The work of UTEP alumna Nubia Zuverza-Mena, Ph.D., was mentioned in The National Nanotechnology Initiative Supplement to the President’s 2019 Budget, a report prepared for President Donald Trump by each federal agency.
The document highlighted Zuverza-Mena as part of a team working to boost the “immune system” of plants by supplying them with nanoscale micronutrients.
Her educational field is in nanotechnology — the study of the ultrafine particles of material that are the focus of emerging technology in agriculture.
Zuverza-Mena, a Juárez native, earned three degrees at UTEP – a B.S. in chemistry (2006), an M.S. in metallurgical and materials engineering (2009), and a Ph.D. in materials science and engineering (2016).
As an undergraduate she conducted research on the use of plants to remove heavy metals from the environment. As a master’s student, she engaged in a tissue engineering research opportunity that was the precursor to the College of Engineering’s bioengineering program that is currently thriving on campus.

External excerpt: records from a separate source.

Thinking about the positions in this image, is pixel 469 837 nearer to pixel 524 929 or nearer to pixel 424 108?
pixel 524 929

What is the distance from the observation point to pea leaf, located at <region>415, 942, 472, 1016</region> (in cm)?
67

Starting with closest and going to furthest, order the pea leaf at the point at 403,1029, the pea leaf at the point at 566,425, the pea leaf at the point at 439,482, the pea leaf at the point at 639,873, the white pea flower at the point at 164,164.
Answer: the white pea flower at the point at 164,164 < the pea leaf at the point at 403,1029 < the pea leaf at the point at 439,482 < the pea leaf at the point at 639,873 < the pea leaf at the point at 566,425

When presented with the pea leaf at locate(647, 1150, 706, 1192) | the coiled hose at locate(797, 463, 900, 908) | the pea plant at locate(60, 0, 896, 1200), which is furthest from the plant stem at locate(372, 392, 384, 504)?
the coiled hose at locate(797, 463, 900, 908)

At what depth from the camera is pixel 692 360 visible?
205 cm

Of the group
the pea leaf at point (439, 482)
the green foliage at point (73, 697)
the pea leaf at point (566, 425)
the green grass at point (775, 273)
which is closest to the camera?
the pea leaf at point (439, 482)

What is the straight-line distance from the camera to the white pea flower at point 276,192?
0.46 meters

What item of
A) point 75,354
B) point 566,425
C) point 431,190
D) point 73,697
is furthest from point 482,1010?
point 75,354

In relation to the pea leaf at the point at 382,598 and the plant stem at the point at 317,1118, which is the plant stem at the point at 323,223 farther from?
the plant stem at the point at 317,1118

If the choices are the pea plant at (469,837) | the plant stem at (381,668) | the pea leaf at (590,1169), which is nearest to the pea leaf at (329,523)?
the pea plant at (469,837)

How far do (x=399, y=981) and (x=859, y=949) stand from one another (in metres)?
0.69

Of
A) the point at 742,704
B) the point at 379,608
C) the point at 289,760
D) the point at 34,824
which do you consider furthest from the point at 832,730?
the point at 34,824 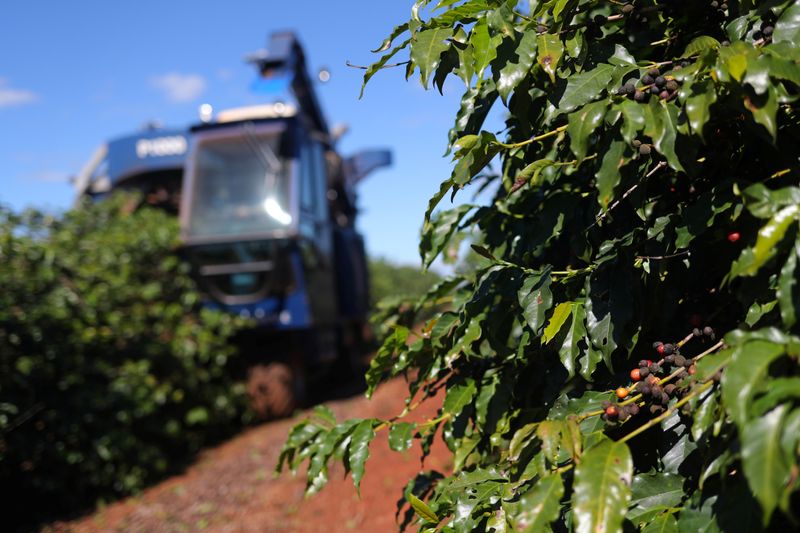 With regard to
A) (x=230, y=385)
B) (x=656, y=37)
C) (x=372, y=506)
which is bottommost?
(x=372, y=506)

Her initial stint in the private sector came as a components engineer for Johnson & Johnson in Mexico after she earned her master’s degree. She helped oversee the manufacture of angioplasty balloons for use in medical procedures.
She returned to UTEP where she began to work with Jorge Gardea-Torresdey, Ph.D., the Dudley Professor of Chemistry and Environmental Science and Engineering.
Gardea-Torresdey is one of the preeminent names in the field of nanotechnology. Most recently, his work was published in the August 2018 edition of Nature Nanotechnology, one of the world’s leading monthly peer-reviewed scientific journals.
Under Gardea-Torresdey’s tutelage, Zuverza-Mena began her foray into the effects of nanotechnology.
She eventually parlayed her efforts into a postdoctoral assignment at the Connecticut Agricultural Experiment Station as assistant scientist.